DIRECTIONS FOR THIS TASK
Check each line of the data below for the string "from". Then give the number of lines that have it, without anything else.
______________________________
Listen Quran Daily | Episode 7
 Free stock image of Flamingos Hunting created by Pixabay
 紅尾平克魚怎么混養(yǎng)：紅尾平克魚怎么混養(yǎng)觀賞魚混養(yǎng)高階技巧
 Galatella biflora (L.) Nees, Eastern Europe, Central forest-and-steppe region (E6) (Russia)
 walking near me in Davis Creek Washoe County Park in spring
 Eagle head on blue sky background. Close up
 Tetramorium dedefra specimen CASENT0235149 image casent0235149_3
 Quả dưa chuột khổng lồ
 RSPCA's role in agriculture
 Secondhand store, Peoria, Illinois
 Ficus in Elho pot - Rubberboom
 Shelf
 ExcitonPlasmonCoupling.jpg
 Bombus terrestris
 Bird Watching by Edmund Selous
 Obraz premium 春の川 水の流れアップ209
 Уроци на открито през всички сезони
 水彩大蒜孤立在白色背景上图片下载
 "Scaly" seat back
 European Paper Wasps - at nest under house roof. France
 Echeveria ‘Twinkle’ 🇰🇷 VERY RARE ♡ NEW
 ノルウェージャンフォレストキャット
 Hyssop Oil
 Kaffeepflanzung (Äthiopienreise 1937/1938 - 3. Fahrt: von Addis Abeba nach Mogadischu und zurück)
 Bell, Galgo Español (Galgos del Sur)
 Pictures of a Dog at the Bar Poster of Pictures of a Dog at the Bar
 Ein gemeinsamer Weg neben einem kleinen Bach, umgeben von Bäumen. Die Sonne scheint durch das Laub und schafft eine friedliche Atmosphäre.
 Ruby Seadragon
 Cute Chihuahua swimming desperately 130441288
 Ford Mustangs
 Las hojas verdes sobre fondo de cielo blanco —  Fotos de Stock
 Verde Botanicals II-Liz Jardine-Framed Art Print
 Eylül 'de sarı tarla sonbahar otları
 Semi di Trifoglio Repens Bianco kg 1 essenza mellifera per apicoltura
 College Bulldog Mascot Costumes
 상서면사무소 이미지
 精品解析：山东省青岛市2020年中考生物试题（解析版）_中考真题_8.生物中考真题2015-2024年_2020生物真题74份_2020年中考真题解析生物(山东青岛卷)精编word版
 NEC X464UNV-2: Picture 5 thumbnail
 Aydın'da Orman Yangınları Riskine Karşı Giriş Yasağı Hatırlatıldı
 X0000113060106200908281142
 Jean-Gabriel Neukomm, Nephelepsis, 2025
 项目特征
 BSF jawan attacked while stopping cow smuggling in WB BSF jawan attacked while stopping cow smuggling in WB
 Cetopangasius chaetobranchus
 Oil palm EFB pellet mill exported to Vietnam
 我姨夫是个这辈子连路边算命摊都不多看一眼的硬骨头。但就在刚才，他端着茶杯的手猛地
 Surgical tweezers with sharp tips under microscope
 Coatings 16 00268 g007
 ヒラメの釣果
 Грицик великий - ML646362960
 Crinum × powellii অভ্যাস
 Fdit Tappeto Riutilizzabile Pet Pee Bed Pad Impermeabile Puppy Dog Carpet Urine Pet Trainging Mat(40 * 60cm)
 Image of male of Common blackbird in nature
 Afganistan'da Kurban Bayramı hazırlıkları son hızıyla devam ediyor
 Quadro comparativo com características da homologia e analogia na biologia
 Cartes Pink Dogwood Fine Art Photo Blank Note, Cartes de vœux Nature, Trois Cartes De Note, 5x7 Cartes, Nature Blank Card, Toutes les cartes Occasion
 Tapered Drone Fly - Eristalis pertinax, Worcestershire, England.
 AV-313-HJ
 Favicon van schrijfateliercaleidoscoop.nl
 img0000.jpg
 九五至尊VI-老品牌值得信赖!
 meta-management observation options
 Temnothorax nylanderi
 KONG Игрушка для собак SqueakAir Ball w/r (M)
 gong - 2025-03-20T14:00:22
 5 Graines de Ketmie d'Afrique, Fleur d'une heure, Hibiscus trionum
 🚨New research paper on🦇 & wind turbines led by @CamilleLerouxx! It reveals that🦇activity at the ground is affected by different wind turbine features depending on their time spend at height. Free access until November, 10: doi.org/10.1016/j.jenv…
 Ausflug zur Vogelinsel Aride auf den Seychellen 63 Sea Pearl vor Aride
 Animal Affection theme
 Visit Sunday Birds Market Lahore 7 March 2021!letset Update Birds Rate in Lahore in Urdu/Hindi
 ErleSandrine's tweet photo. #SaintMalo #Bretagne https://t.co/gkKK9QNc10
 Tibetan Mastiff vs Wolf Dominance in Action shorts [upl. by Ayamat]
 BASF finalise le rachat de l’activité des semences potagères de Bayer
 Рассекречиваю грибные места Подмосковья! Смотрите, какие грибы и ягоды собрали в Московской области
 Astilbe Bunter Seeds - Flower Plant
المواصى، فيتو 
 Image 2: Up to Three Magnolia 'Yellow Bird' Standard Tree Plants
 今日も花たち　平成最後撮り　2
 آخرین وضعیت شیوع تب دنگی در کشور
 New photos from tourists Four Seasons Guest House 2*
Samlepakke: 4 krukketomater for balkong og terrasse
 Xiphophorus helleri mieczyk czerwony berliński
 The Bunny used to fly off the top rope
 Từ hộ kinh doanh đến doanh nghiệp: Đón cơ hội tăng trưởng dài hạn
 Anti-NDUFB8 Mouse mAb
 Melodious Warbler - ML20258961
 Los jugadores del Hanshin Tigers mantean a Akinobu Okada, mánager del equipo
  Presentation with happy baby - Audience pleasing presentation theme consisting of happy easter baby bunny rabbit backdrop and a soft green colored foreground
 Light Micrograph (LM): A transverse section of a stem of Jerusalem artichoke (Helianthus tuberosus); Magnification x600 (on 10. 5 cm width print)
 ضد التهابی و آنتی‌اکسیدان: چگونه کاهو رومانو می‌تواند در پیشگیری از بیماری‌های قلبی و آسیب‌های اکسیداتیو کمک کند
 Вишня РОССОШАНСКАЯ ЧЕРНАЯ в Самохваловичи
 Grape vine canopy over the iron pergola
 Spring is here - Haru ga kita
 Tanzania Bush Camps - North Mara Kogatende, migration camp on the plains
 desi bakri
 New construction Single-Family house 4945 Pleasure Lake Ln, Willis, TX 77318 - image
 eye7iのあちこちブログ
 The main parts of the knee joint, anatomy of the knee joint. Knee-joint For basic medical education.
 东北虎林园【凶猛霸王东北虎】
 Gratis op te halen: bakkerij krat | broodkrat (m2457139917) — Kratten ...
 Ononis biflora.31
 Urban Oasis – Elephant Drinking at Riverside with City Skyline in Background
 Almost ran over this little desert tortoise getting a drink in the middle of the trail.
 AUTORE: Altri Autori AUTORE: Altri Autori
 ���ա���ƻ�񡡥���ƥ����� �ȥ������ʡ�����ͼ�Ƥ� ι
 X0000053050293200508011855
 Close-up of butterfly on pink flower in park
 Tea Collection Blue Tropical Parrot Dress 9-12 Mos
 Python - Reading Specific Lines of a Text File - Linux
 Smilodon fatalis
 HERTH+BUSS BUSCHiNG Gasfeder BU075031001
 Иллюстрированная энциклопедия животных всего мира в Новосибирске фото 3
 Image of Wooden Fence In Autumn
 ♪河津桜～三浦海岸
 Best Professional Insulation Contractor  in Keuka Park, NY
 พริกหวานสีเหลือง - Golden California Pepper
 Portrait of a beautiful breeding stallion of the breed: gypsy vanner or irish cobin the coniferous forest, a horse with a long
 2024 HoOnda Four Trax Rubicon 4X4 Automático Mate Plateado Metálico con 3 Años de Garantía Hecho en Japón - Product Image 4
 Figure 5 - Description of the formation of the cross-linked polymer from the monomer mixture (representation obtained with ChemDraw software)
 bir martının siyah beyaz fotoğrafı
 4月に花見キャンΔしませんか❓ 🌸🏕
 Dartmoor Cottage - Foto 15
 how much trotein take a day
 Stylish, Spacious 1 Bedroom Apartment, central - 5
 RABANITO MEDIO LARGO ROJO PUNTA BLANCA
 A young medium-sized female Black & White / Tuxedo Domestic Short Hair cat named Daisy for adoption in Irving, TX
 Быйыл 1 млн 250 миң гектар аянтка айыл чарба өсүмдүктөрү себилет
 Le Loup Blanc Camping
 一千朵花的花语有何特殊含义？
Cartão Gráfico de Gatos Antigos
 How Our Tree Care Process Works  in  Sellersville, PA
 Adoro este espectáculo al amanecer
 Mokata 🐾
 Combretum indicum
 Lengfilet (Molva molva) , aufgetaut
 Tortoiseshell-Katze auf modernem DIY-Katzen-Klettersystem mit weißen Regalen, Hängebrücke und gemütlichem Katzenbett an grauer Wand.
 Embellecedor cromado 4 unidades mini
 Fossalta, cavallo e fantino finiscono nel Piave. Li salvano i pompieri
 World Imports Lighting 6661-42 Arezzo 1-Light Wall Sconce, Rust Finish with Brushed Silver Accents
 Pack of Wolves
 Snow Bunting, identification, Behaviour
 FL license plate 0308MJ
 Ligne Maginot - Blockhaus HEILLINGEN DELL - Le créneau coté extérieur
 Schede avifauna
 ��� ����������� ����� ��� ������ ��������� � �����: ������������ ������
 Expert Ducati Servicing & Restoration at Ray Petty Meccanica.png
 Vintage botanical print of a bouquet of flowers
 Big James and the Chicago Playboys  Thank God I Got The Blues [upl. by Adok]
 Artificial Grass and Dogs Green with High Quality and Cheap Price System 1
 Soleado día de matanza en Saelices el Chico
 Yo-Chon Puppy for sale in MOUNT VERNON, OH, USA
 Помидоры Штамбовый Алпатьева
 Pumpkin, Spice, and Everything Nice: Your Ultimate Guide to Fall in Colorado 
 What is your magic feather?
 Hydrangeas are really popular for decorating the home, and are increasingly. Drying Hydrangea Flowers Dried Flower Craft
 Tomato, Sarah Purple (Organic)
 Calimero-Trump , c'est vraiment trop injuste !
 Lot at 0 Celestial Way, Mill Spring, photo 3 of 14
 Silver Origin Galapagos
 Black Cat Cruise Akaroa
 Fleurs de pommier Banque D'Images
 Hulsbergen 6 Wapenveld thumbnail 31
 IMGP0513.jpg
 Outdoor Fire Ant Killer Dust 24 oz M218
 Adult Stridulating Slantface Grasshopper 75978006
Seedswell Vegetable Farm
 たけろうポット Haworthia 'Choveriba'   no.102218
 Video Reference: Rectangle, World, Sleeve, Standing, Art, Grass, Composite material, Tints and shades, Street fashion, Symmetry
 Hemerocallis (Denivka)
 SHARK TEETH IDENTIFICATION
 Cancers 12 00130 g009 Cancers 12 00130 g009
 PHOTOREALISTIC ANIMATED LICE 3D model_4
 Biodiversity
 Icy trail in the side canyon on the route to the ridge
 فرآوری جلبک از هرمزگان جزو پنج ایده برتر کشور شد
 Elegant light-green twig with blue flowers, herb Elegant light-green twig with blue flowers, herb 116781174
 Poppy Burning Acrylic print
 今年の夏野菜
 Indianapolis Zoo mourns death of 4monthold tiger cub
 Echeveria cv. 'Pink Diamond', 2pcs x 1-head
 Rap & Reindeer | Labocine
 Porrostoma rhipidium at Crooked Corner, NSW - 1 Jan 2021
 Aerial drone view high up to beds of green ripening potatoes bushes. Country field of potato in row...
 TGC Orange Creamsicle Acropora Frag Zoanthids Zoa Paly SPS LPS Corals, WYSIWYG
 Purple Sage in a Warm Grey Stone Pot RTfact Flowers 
______________________________
SOLUTION TO THE PROBLEM
2